John Ensign, the junior and juvenile Republican senator from Nevada, has announced that he will not seek re-election to the U.S. Senate in 2012, and it wasn't so surprising. Ensign, who had an affair with Cindy Hampton, one of his fundraising aides, is under investigation by the Senate Ethics Committee. The committee hopes to determine whether Ensign violated Senate rules by giving Cindy Hampton's husband and Ensign's ex-friend Doug Hampton lobbying work and then encouraging him to connect lobbying clients with the senator's office. Ensign's parents, meanwhile, gave money to the Hamptons - $96,000, which Ensign's lawyer described as a gift. This was all apparently done in the effort to keep news of the affair from leaking. Doug Hampton himself may be under investigation for similarly violating lobbying rules by steering clients to Ensign per the senator's suggestions. Hampton has suggested that the investigation of Ensign by the Senate - the Justice Department has determined that no criminal charges against the senator are necessary - is costing the government money and time, and Ensign should just resign his seat right now.

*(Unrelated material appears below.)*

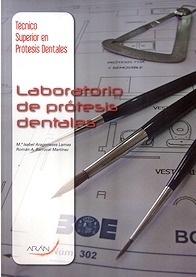 Laboratorio de Prótesis Dentales
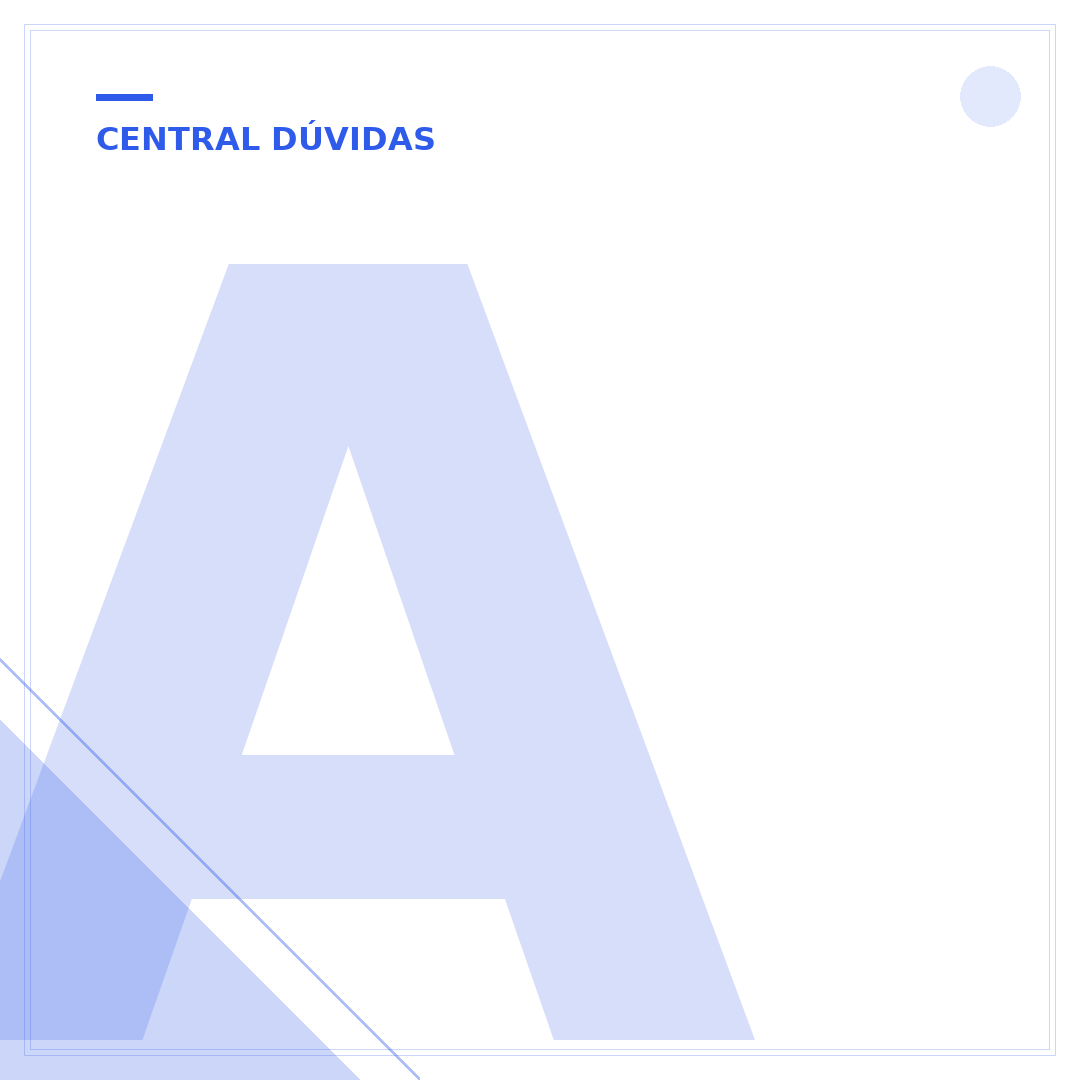Aprenda a Usar Crédito Mercado Pago na Shopee: Tutorial!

Wait: Ensign's parents got mixed up in all this?
Anyway, it's a big mess. Meanwhile, Republican Representative Dean Heller has become the favorite for the 2012 Republican nomination for Ensign's seat; his fellow congressional delegate Shelley Berkley is the favorite for the Democratic nomination. While Heller may have the edge as the national momentum is still with the Republicans, the growth of Nevada's Hispanic population - and Harry Reid's unexpectedly impressive performance in winning a fifth term over Republican challenger Sharron Angle - could help tilt this seat to the Democrats despite Ensign's retirement.
And Sharron Angle may be back for another crack at a Senate seat. Remember, Ensign almost beat Reid in 1998, then picked up Nevada's other Senate seat - vacated by Richard Bryan - in 2000. So there's a precedent here.
Regarding Ensign, Margaret Carlson of Bloomberg News suggests that the senator might have survived the sex scandal the way Louisiana Republican senator David Vitter survived his own prostitution scandal - by confessing publicly and apologizing. Carlson pointed out that it wasn't the crime that brought down Ensign, but the cover-up. After Watergate, you'd think people (people other than Vitter, anyway) would figure that out.